The political fight around the park
The court order also became part of a wider political clash in Mexico City. Miguel Hidalgo Mayor Mauricio Tabe said the show had been presented as a cultural and family-oriented project that could bring economic activity and improvements to the area. He argued that the cancellation sent a bad signal for investment and community programming.
Opponents framed the issue very differently. For them, the case was about privatization of public space, or at least the temporary conversion of a shared park into a ticketed event site. Some residents and lawmakers also tied the dispute to earlier protests over the park’s closure and management.

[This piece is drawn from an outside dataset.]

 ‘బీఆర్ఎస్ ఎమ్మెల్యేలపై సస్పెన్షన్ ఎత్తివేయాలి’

That conflict reflects a broader pattern in Mexico City. Public spaces are often expected to serve many functions at once. They are green areas, community gathering places, cultural venues, transit corridors, and symbols of neighborhood identity. When governments or private organizers try to introduce a commercial event into one of those spaces, even temporarily, the question quickly becomes who benefits and who loses access.
Why Parque Lira matters
For international readers, Parque Lira may seem like a small local park dispute. In practice, it carries more weight. The park sits in a historic area near Tacubaya and is part of a site with a long history tied to old estates and later public use. That history helps explain why residents reacted strongly to the installation of barriers and temporary event infrastructure.

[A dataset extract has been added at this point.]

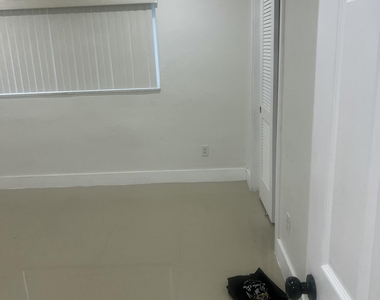 2900 Nw 187th Street - Photo Thumbnail 2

In dense parts of Mexico City, public parks are not interchangeable. They are often limited in number and heavily used. A closure that affects most of a park can disrupt daily routines, reduce open access, and sharpen long-running concerns about how urban land is managed. That is one reason neighborhood fights over parks, trees, and temporary constructions often become major local stories.
The Parque Lira case also speaks to a broader issue many readers in Mexico will recognize. Cities often promote cultural events, tourism, and economic activity in public areas. Residents may support those goals in theory but oppose them when they believe public land is being used in ways that restrict everyday access or bypass proper review.
What happens next
The immediate result is that the Alice in Wonderland installation at Parque Lira has been halted, and the structures associated with the event are being removed. The legal and political dispute, however, is not over. Residents are likely to keep pressing for full reopening and continued oversight of how the park is managed. Local authorities will still have to answer questions about the approvals that were granted, requested, or missing.
The case may also have consequences beyond one neighborhood. It is a reminder that in Mexico City, cultural projects in public spaces can trigger scrutiny from residents, environmental agencies, courts, and political actors all at once. For officials and organizers, the message is straightforward. If access, permits, and transparency are in doubt, even a high-profile family attraction can be stopped before it opens.